# BSOD and reset all the time - WDF_VIOLATION (10d)



## Celestron (May 28, 2011)

Hello,

· OS - Windows 7
· x64 
· Originally (from distributor) nothing was installed, but i installed Windows XP 32 at beggining and everything was fine for a 2.5 year.
· Now i have OEM Windows 7 but i bought it and installed it by myself.
· Age of system (hardware) - About 3 years
· Age of OS installation - about half year.

· Intel Core 2 Duo E4500 @ 2.20GHz
· 512MB GeForce 8600 GT (Gigabyte)
· ASUST P5K (LGA775)
· Chieftec GPS 450AA-101A
Firewire audio interface Alesis io26

· System Manufacturer - by myself with various hardware parts

Problems started when Windows 7 was installed. At this time is about half year of regular blue screens. Sometimes one for day, sometimes one for hour. Sometimes couple of days working fine. BSOD mosty happens when im using flash elements on internet, or im playing some games. In log from windbg i see there is a problem with my firewire alesis io26 audio interface. Yesterday i was testing system with firewire disabled, and everything was fine for a couple of hours in the game that normally crashes in 1 hour. If this is a problem with a firewire chipset on my mobo and drivers for it, how can i fix this without buying new mobo? Maybe you can find other problems. I'll be glad of any help.

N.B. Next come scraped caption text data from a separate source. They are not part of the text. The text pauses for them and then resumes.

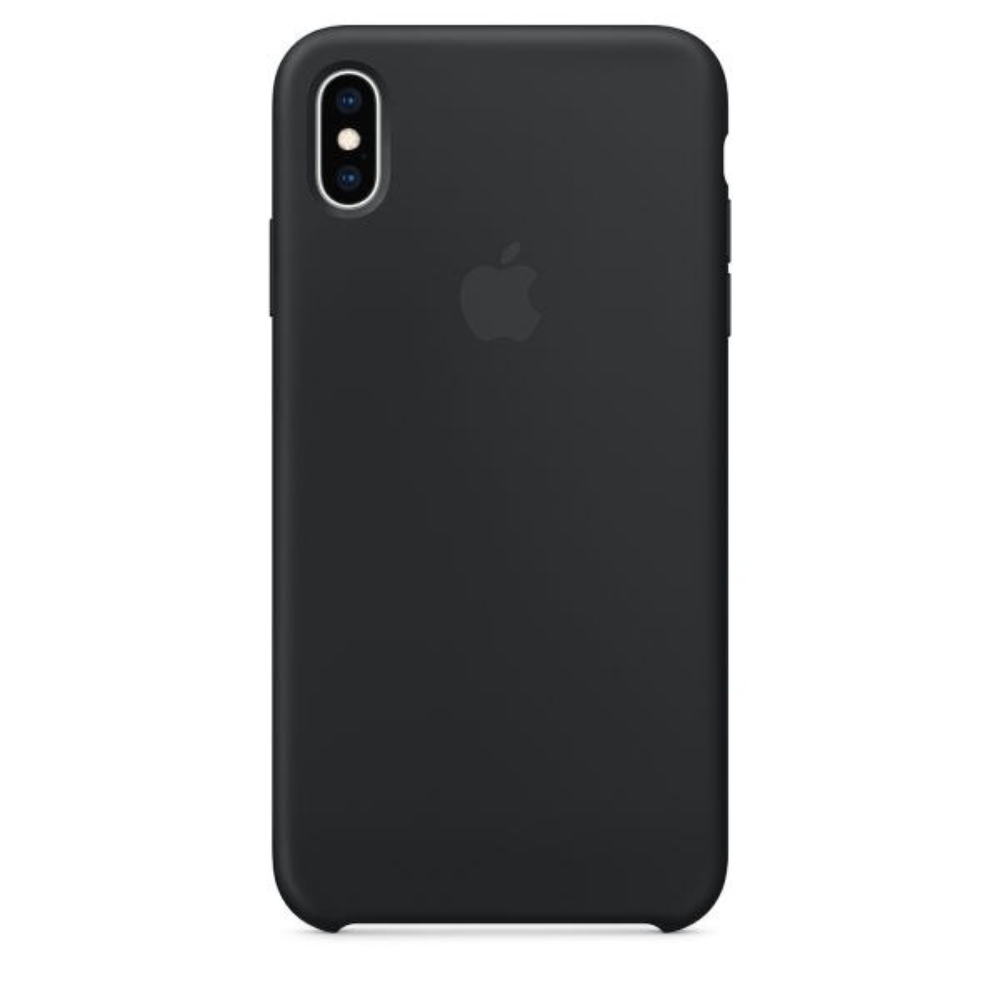 CARCASA APPLE IPHONE XS MAX SILICONE NEGRO OPENBOX-1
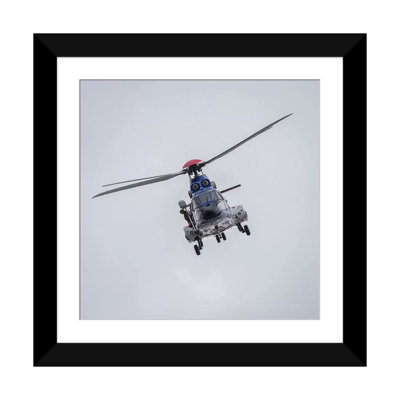 « islandais coast guard tf-lif aerospatiale as-332l1, super puma hélicoptère, reykjavik, islande par les images panoramiques », reproduction de photo sur toile tendue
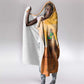 Mauritania Sahara Hooded Blanket Camel With Map - African Pride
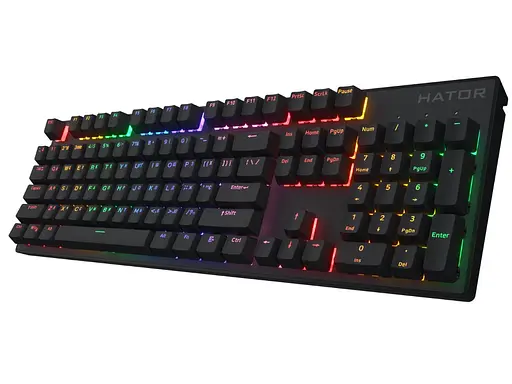 Клавиатура игровая механическая беспроводная HATOR HTK-204 UA Icefall Mecha wireless Rainbow Black - фото 2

PS *Windows7_Vista_jcgriff2 *tells "Waiting for SystemInfo" for about 2-3 hours, so something is wrong i think 
PS 2 sorry for my english, if some parts are hard to understand, please let me know, so i'll try to write it right


----------



## mgorman87 (Mar 27, 2011)

You are correct. Your crashes are being caused by the Alesis Firewire driver. There are a couple things we can try to see if it fixes the problem.

Download the latest drivers for the Alesis Firewire - Documents & Downloads

Update your BIOS - ASUSTeK Computer Inc. - Motherboards- ASUS P5K
FYI: Your board does not support Windows 7 so this can cause some issues.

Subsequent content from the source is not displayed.